Professional wrestling career
- Ring name(s): Teijo Khan Teijho Khan
- Billed height: 6 ft 3 in (191 cm)
- Billed weight: 265 lb (120 kg)
- Billed from: Mongolia Singapore
- Trained by: Eddie Sharkey
- Debut: 1986
- Retired: 1994

= Teijo Khan =

American professional wrestler (1956–2020)

Thomas Leroy Kasat (March 24, 1956 – April 10, 2020) was an American professional wrestler, better known by his ring name, Teijo Khan/Teijho Khan. As Khan, Kasat portrayed an Asian savage despite being Caucasian. He worked as part of Paul Jones' Army in Jim Crockett Promotions and also worked for the American Wrestling Association (AWA).

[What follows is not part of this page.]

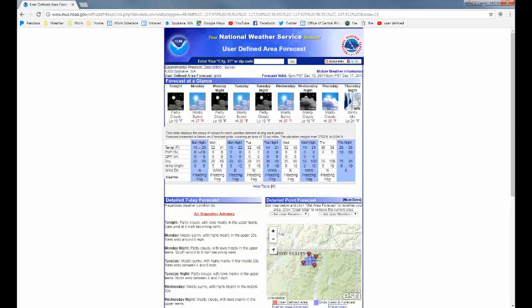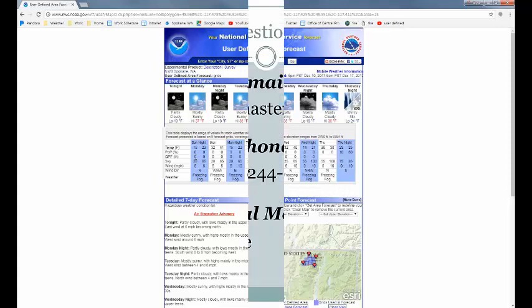Something else that might come in handy: if we did have precipitation in the forecast — say a winter storm — and you wanted to know whether you would be seeing rain versus snow at different elevations on the mountain, this could tell you that. And if there was snow in the forecast, there would be a new row here that would tell you how much the accumulation amounts are expected in the valleys versus the mountain tops.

==Professional wrestling career==
Kasat made his professional wrestling debut in 1986 in Mid-Atlantic Championship Wrestling, portraying the Asian savage ring character Teijo Khan (also spelled Teijho Khan) despite being Caucasian. Kasat shaved his head bald and grew a thick Fu Manchu moustache to try to look more Asian. Having Caucasians portray Asian characters (or indeed having wrestlers from all manner of ethnic backgrounds portray ethnicities other than their own) were not unheard of in professional wrestling, examples include Canadian Newton Tattrie working as Geeto Mongol or Florida native Chris Champion portraying Yoshi Kwan. As Teijo Khan, he worked as a heel as part of manager Paul Jones's Paul Jones' Army. As part of the army he teamed up with The Barbarian, The Warlord, Abdullah the Butcher, Superstar Billy Graham, Shaska Whatley, Baron von Raschke, Manny Fernandez, Rick Rude, Ivan Koloff and Vladimir Petrov as part of their storyline feud with "The Boogie Woogie Man" Jimmy Valiant, Wahoo McDaniel and Hector Guerrero. Khan and Whatley teamed up for the 1987 Jim Crockett, Sr. Memorial Cup Tag Team Tournament. They defeated Jimmy Valiant and Lazer Tron in the first round, but lost to the previous year's tournament winners The Road Warriors (Animal and Hawk) in the next round.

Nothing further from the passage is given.